Now, if the machine says you are “out,” the admissions staff may begin to look more closely at the eliminated applications and admit/deny these students until the admissions department reaches its enrollment goals. At that point, the admissions officers may begin searching for more information about you, such as explanations of grade anomalies. They may find this information in your essay or in your letters or recommendation, or in a letter that you include with your application if they have requested those materials from you.
Here’s an aside: If you are required to submit an essay, the most important point to remember is this: If the institution stresses an essay or a personal statement, pay VERY CLOSE ATTENTION to what they request of that essay or personal statement.
In other words, if you write a generic essay to send to all your college search choices, and it is clear to the admissions officer reading your essay that you have not paid attention to what they wanted to see in the essay (subject, length, structure, etc.), your application will be denied simply because it is clear that 1) you cannot follow instructions or 2) you didn’t care enough about applying to their institution to follow their instructions. And they will be right on both counts.

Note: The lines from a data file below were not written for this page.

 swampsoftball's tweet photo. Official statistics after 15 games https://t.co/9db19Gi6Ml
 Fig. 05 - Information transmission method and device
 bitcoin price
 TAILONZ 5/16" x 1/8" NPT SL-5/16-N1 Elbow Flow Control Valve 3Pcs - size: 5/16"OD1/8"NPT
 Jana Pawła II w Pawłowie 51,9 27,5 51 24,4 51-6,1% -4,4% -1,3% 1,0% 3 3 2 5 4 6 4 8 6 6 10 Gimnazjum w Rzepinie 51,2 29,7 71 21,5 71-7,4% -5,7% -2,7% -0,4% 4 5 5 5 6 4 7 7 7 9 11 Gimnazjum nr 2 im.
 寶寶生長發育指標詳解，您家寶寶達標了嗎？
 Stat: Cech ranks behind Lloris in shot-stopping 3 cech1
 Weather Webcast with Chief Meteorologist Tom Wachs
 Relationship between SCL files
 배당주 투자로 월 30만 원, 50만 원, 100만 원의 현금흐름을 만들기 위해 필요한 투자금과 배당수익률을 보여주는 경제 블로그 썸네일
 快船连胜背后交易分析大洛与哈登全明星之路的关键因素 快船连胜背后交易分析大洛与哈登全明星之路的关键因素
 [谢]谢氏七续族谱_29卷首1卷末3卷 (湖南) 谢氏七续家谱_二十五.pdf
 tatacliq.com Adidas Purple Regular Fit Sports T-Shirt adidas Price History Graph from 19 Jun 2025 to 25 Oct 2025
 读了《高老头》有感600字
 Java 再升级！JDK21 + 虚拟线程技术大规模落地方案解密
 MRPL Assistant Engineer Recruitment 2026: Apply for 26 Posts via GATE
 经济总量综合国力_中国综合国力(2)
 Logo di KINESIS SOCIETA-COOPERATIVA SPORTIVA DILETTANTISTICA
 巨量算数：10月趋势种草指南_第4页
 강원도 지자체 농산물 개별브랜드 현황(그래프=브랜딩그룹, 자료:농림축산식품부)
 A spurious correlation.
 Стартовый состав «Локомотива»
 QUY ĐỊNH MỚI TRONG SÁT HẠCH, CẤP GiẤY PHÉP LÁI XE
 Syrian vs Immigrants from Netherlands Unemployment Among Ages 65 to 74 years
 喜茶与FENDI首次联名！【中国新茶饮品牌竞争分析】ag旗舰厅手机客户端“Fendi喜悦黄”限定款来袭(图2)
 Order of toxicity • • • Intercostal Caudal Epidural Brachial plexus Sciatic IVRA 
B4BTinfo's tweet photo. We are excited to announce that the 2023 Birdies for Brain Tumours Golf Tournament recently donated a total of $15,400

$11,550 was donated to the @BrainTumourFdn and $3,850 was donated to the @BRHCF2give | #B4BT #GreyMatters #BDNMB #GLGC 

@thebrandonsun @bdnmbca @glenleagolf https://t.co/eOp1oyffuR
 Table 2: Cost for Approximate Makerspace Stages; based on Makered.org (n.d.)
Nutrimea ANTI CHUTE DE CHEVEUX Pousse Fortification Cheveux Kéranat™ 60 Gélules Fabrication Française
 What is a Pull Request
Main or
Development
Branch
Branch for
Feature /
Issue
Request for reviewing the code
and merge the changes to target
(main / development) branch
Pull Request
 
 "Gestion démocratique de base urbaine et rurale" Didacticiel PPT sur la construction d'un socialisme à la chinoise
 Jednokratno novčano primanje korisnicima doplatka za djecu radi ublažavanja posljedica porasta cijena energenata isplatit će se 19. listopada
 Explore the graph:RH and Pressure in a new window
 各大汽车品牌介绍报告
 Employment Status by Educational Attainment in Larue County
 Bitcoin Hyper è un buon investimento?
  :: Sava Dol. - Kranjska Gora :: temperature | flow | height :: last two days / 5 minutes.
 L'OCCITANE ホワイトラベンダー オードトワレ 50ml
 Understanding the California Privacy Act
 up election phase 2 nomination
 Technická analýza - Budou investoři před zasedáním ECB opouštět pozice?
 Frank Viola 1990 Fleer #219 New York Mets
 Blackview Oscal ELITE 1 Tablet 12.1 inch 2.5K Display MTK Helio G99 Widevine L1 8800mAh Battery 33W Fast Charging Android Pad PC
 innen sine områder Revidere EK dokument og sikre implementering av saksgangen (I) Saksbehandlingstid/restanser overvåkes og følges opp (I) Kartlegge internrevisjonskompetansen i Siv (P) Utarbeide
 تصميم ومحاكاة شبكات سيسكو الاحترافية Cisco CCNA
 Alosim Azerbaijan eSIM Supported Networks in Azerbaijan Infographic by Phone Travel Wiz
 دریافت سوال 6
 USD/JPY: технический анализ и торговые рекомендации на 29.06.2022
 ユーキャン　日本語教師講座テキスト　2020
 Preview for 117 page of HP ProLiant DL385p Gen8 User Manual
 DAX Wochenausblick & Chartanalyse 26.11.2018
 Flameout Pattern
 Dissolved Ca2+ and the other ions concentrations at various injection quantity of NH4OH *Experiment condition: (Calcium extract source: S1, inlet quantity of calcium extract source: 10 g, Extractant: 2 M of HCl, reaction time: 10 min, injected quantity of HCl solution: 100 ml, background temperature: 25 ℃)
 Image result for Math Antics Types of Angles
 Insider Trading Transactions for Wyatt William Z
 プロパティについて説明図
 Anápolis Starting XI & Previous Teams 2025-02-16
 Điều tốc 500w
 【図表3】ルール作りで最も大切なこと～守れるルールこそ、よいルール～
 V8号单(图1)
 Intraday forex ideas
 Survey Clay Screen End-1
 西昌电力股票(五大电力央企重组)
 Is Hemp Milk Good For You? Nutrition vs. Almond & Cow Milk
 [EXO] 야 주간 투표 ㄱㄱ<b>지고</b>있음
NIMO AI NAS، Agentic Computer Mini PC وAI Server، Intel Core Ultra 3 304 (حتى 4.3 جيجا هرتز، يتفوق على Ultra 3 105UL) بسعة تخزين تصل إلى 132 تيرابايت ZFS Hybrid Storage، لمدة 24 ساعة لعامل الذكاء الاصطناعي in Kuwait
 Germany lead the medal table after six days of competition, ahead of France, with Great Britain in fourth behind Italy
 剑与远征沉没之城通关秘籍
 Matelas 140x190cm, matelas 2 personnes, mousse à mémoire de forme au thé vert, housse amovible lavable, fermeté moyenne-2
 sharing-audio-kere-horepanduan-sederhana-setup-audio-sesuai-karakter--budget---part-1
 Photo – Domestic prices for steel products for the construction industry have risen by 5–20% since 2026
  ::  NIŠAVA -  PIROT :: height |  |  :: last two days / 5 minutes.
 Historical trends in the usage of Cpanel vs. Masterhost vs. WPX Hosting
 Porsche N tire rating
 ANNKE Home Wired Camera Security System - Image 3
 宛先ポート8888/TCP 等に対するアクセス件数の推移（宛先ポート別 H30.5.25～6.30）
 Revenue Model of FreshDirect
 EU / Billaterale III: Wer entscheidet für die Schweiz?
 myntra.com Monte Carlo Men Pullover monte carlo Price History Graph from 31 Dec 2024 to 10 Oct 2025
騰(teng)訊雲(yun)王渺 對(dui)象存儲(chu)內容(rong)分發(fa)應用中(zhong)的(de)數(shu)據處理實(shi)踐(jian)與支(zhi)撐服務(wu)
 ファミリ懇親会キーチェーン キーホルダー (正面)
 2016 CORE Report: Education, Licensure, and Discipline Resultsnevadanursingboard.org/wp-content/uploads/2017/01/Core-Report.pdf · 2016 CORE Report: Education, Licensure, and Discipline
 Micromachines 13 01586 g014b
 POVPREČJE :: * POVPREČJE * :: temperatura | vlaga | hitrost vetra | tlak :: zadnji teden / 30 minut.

For example, if you look at the Purdue application this year, they offer three choices of essay topics, each one carefully considered to allow different types of students to write something that matters to them. This presentation of their essay request shows that they DO value the essay, and if you want to get into Purdue – and especially if your grades and board scores aren’t stellar – then you’d better pay attention to this part of the application.
Other institutions, such as Indiana University-Bloomington, specifically state that they do not want to receive essays – so if you submit an essay, this also shows that you cannot follow directions. Again, the major reason for an institution to not request an essay is that essay-reading slows down the application review process. They don’t want admissions officers reading essays when those officers can simply be crunching through the numbers on applications and making their decisions based solely upon a student’s past successes or challenges.
Here is an excerpt from the Indiana University-Bloomington denial email (IU-Bloomington does not accept essays):
“We admit students whose previous academic performance meets the standards and enrollment goals set by our faculty and Board of Trustees. While we also consider documentation of extenuating circumstances, personal statements, recommendations and family history, decisions are made individually and based primarily on overall academic performance, standardized test scores, and the competitiveness of our applicant pool.”
This is why it’s so important to do well in high school from 9th grade through 11th grade. The fact is that most admissions decisions are based on 8th-11th grade trends; they only look to senior grades at the end to ensure that you continued strongly and didn’t get “Senioritis.”
So bottom line, it’s kind of a moot question as to whether or not they review any supplemental materials you submit. If they ask for materials, or you simply supply them without being asked, your grades and board scores will be what gets their attention. If they do request them, make sure you pay very close attention to what they are asking of you.